Weather event in Ontario, Canada

On the evening of Tuesday, August 7, 1979, at least three tornadoes touched down in southwestern Ontario, devastating scores of farms and homes in the Woodstock area. The southern end of that city suffered some of the most intense destruction along with several other nearby towns in Oxford County. Two people died, 142 were injured, and hundreds of homes suffered significant damage. Overall monetary losses totaled an approximate $100 million in 1979 Canadian dollars.

==Meteorological synopsis==
A relatively cool and dry air mass was being pushed in from the north by means of a cold front, into warm and unstable air from the southern United States. Severe weather had already affected northeastern Ontario the evening before with this same cold front. During the late morning of the 7th the front had stalled across the Bruce Peninsula, where newer convection produced a couple of weak F1 tornadoes near the towns of Wiarton and Tara. It has been speculated that a large outflow boundary associated with these particular storms may have interacted with the lake breeze fronts, thus resulting in the Woodstock and Stratford tornadic supercells later that day.

The Ontario Storm Prediction Centre in Toronto issued a severe thunderstorm watch for southwestern Ontario at 3:40 pm. The first thunderstorms of the afternoon began forming over Lake Huron before coming ashore in southern Bruce County (Toll, 1980).

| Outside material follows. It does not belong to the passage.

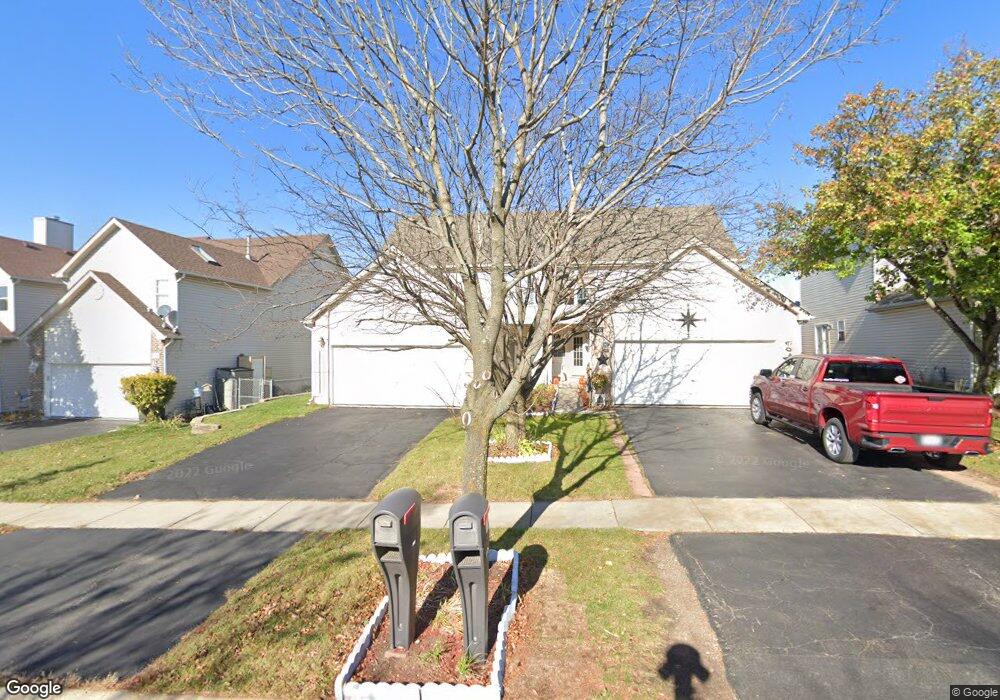 1100 Viewpoint Dr, Lake In the Hills, IL 60156 - photo 1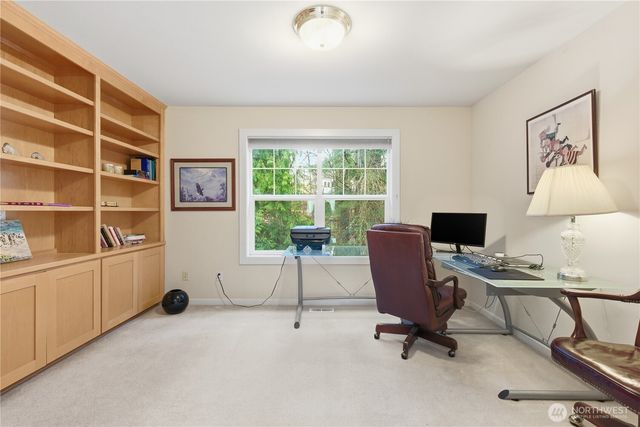 6082 167th Avenue SE, Bellevue, WA 98006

Storm motion was primarily to the southeast, and as these storms quickly began to intensify, reports of large hail began to pour in. A severe thunderstorm warning was issued at 6:15pm for Oxford, Perth County and Waterloo Region (Toll, 1980). A broken line of intense thunderstorms propagated toward Highway 401 with the two most intense storms located near Stratford and Embro. At this point, a tornado touchdown was mere minutes away as they began to morph into the powerful supercell variety, possibly a result of convergence along the Lake Erie and Lake Huron breeze fronts.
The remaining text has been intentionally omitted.